◆ How to complete this task
Return the data exactly, apart from leaving out the pictures.

------------------------------------

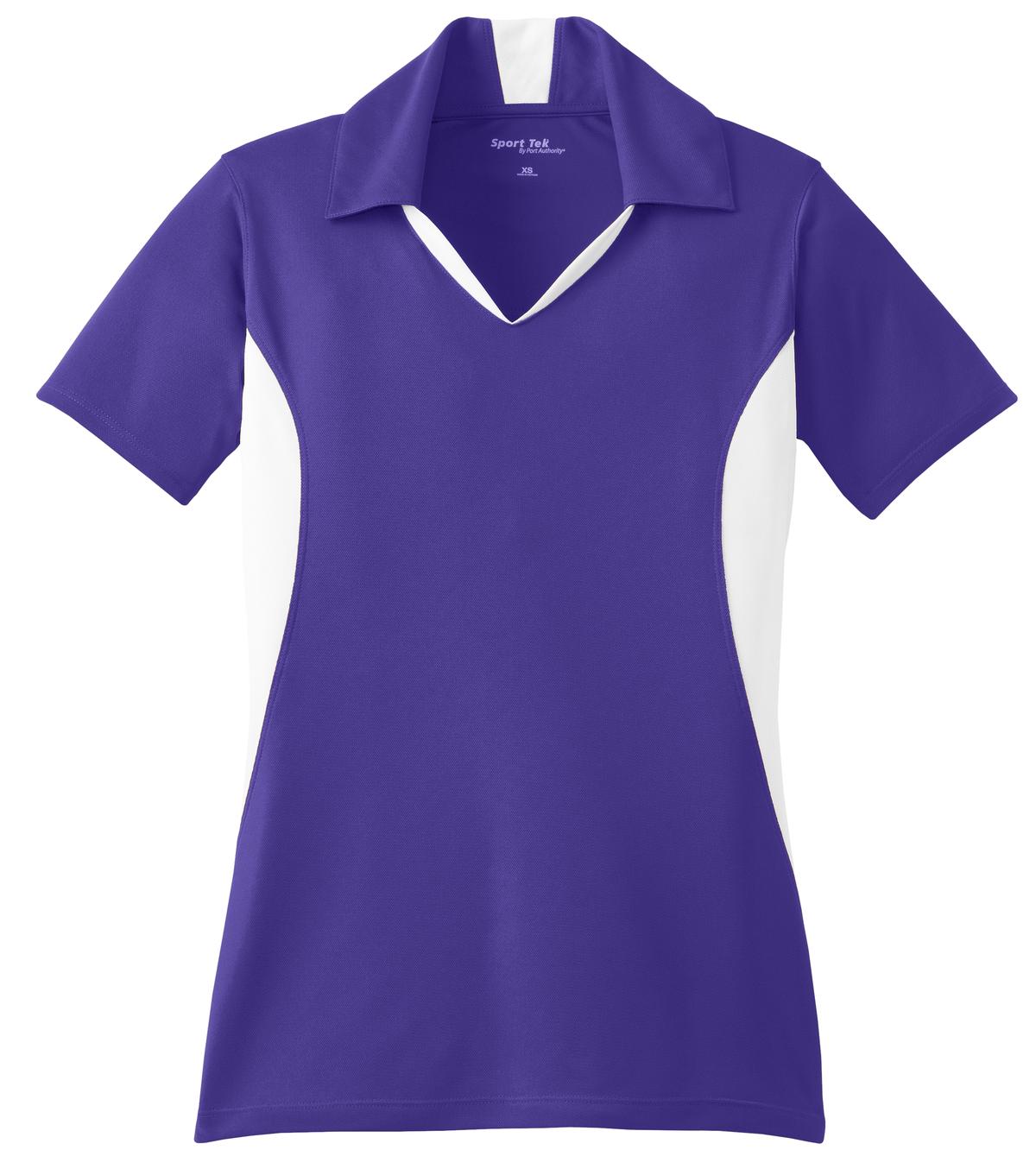Purple/ White - 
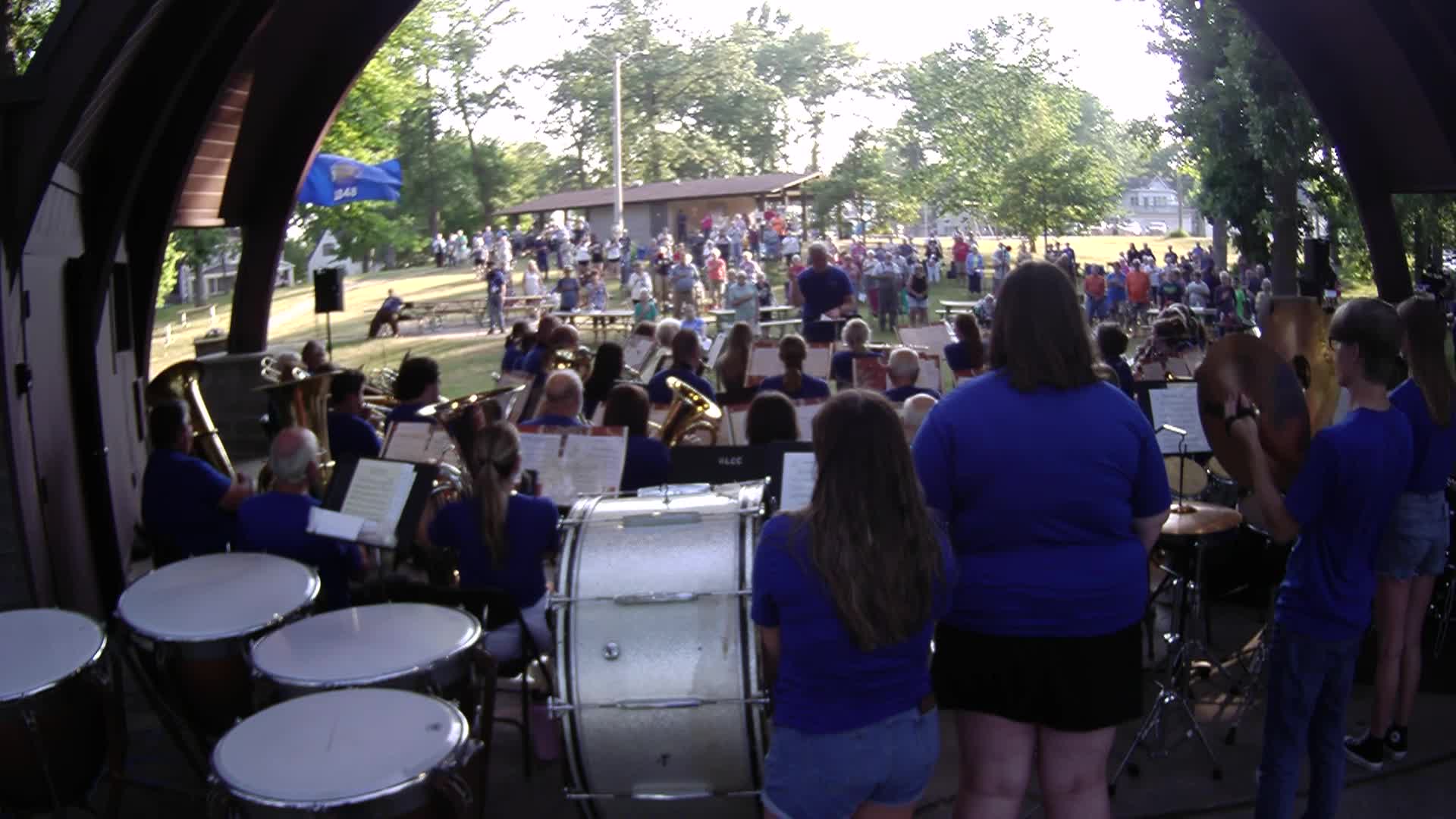 Thumbnail image for Music in the Park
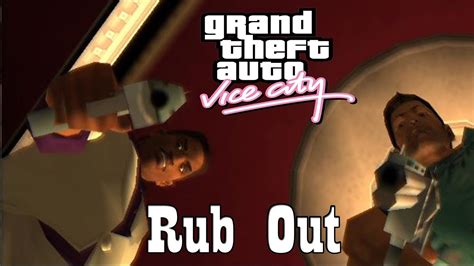 GTA VC 100 Walkthrough PS2 Mission 20 Rub Out YouTube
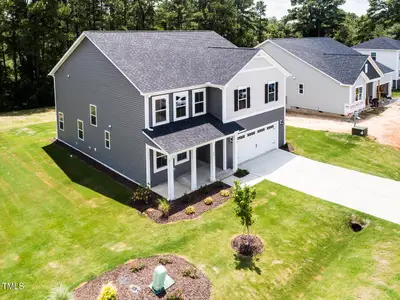 New construction Single-Family house 98 Tee Time Ter, Benson, NC 27504 plan Voyageur - image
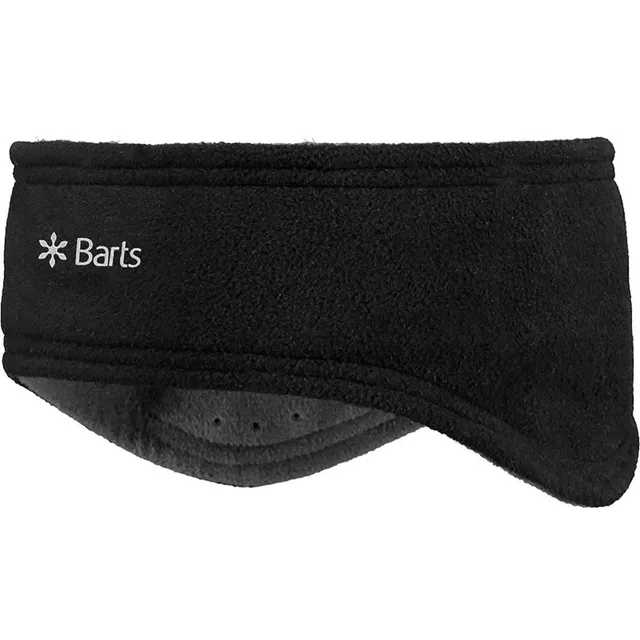 Barts Storm Fascia Paraorecchie Nero Antivento Adulto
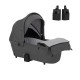 Коляска універсальна CARRELLO Epica CRL-8510/1 (2in1) Space Black /1/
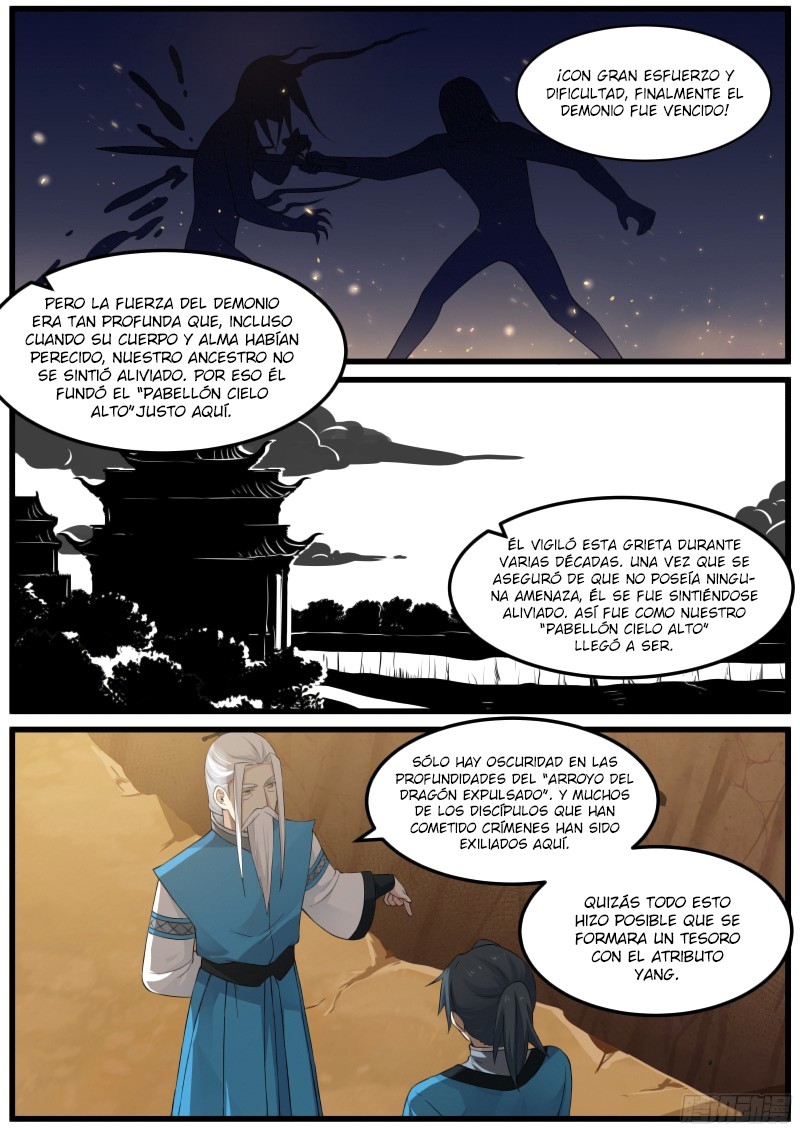 Martial Peak Capitulo 30 página 5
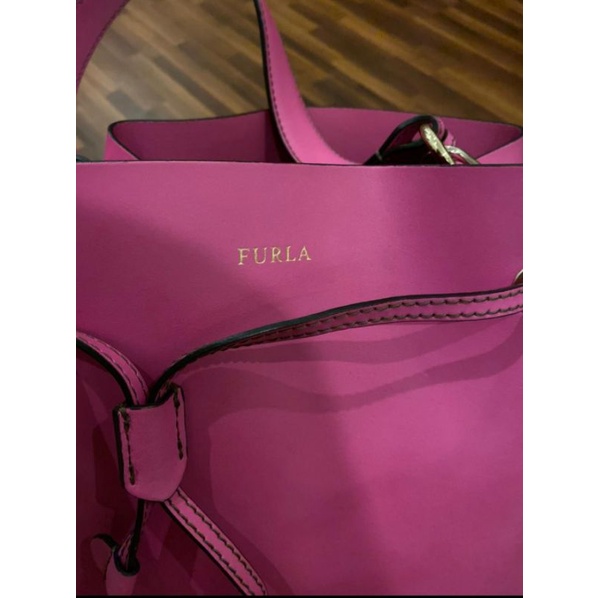 furla shoulder Furla Stacy M drawstring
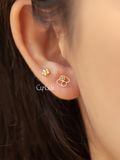 14K Diamond Zodiac Piercing 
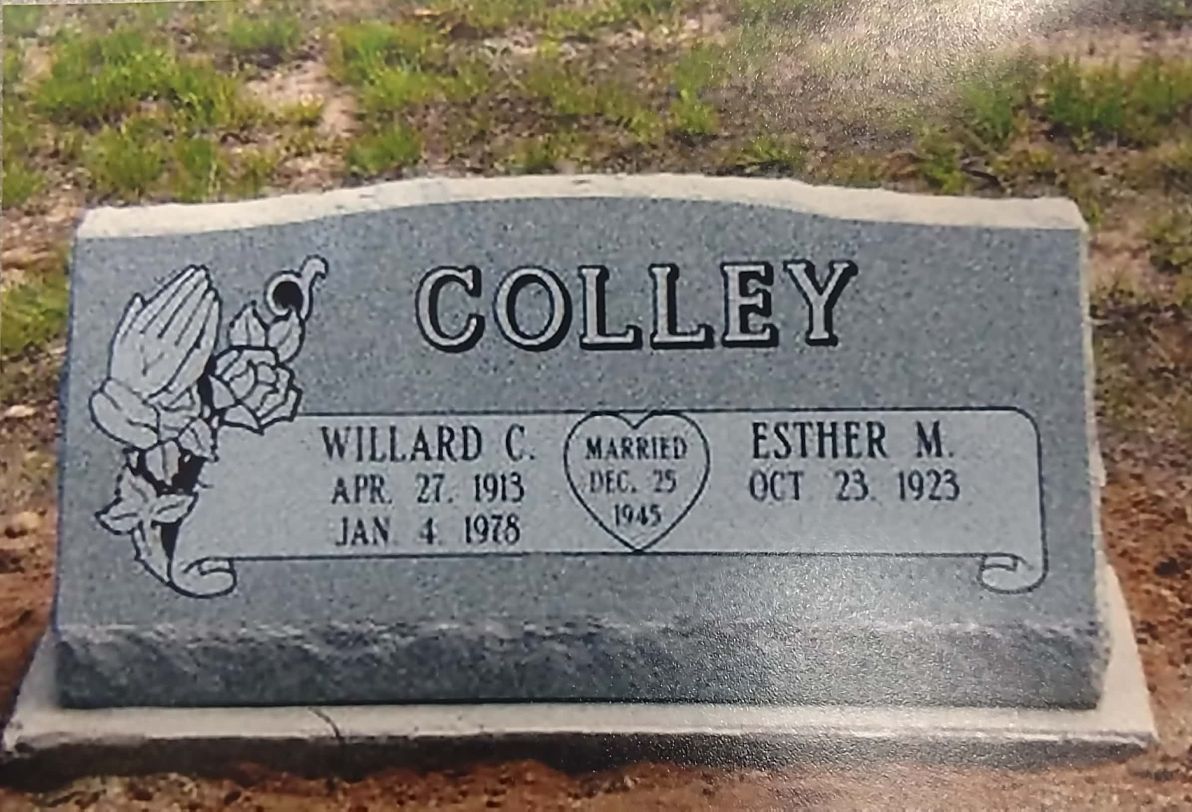 Custom flat grave marker crafted by Kienitz-Nix Memorials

------------------------------------

◆ Exercise output
Purple/ White - 
 Thumbnail image for Music in the Park
 GTA VC 100 Walkthrough PS2 Mission 20 Rub Out YouTube
 New construction Single-Family house 98 Tee Time Ter, Benson, NC 27504 plan Voyageur - image
 Barts Storm Fascia Paraorecchie Nero Antivento Adulto
 Коляска універсальна CARRELLO Epica CRL-8510/1 (2in1) Space Black /1/
 Martial Peak Capitulo 30 página 5
 furla shoulder Furla Stacy M drawstring
 14K Diamond Zodiac Piercing 
 Custom flat grave marker crafted by Kienitz-Nix Memorials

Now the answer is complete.